BEGIN Dataset content

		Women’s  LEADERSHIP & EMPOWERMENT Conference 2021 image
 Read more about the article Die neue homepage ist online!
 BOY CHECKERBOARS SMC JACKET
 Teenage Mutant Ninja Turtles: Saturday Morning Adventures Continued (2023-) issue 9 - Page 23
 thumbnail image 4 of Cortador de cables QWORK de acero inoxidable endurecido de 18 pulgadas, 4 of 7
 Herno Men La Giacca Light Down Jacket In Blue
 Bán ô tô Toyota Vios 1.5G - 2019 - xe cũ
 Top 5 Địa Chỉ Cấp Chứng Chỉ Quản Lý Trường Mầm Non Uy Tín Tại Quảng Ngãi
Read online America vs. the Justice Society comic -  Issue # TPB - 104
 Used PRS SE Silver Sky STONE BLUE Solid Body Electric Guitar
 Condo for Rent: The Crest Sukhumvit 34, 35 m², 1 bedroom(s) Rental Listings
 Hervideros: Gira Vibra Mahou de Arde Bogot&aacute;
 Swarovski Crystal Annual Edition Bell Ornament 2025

END Dataset content

• _Your goal_
Write out all of the entries above, exactly and in full.

• _Answer for this exercise_
		Women’s  LEADERSHIP & EMPOWERMENT Conference 2021 image
 Read more about the article Die neue homepage ist online!
 BOY CHECKERBOARS SMC JACKET
 Teenage Mutant Ninja Turtles: Saturday Morning Adventures Continued (2023-) issue 9 - Page 23
 thumbnail image 4 of Cortador de cables QWORK de acero inoxidable endurecido de 18 pulgadas, 4 of 7
 Herno Men La Giacca Light Down Jacket In Blue
 Bán ô tô Toyota Vios 1.5G - 2019 - xe cũ
 Top 5 Địa Chỉ Cấp Chứng Chỉ Quản Lý Trường Mầm Non Uy Tín Tại Quảng Ngãi
Read online America vs. the Justice Society comic -  Issue # TPB - 104
 Used PRS SE Silver Sky STONE BLUE Solid Body Electric Guitar
 Condo for Rent: The Crest Sukhumvit 34, 35 m², 1 bedroom(s) Rental Listings
 Hervideros: Gira Vibra Mahou de Arde Bogot&aacute;
 Swarovski Crystal Annual Edition Bell Ornament 2025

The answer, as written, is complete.